The Department of Internal Affairs | Te Tari Taiwhenua

 

Tips to help you get correct digital passport photos

A photo is an essential part of your travel document. The Department of Internal Affairs has specific photo standards for New Zealand travel documents and applications for New Zealand citizenship. These requirements match standards set by the International Civil Aviation Organisation (ICAO). The ICAO standards were revised to accommodate the introduction of the chip-enhanced e-Passport with the potential to use facial recognition technology as part of border security operations.

For more information to assist you in getting a quality photo, read our photo requirements, view our video and read our photo tips below, or view our list of common online photo problems and solutions.

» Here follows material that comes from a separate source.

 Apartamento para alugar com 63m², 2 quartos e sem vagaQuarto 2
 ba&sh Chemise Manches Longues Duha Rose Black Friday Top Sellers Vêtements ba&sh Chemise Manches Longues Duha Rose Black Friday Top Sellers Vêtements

View our video on how to take a passport digital photo

The Department has produced a short video which provides tips for taking photos which can be saved in electronic format and then uploaded to our Online Renewal Service website.

Tips

For best photographic results and to help avoid delays in the processing of your passport application, it is recommended that you seek the services of a professional photographer.

Technical Requirements

  • File type: Jpg or Jpeg
  • File size: Greater than 500kb and less than 10MB
  • Dimensions: Minimum 900 pixels wide x 1200 pixels high -- maximum 4500 pixels wide x 6000 pixels high
  • Aspect Ratio: 4:3 (Width:Height ratio)

Adjust camera settings

You may need to refer to your camera manual to make the following changes.

  • Set the camera to take colour photos.
  • Set the camera to save images as JPG (or JPEG) files.
  • Set the camera colour space to sRGB. This ensures the range of colours your camera records will match the colours reproduced by most video monitors and printers.
  • Adjust the aspect ratio of the camera to 4:3. Note that aspect ratios assume a landscape orientation of the camera with the long dimension of the image horizontal. To get a portrait photo ensure that you rotate the camera for a portrait photo when you take the photo (the camera settings are still in the landscape format ). If you are not sure what to do, our video demonstrates this for you.
    • Your camera manual may state aspect ratio as the number of pixels wide by number of pixels high (for example 3648 x 2736). Divide the large number by the small number to find the ratio. A result of 1.33 means your camera is set to a 4:3 aspect ratio.
    • When choosing an aspect ratio, ensure the small number is no less than 900 pixels. Some cameras can produce images corresponding to 1028 x 768 pixels or 640 x 480 pixels. Both these image formats give an aspect ratio of 4:3, but their quality is too low for passport photos.
    • You must also ensure that the numbers of pixels is not greater than 6000 x 4500, or the image will be too large for online submission.
    • Figure 1 – Image Size and Aspect Ratio

      Figure -  Image size and aspect ratio

    • Other aspect ratios such as 1:1, 3:2, 5:4, 16:9 and panorama cannot be used.
  • Adjust the camera colour balance to match the lighting – for example Flash, Tungsten or Daylight. This will avoid an unnatural skin colour in the image.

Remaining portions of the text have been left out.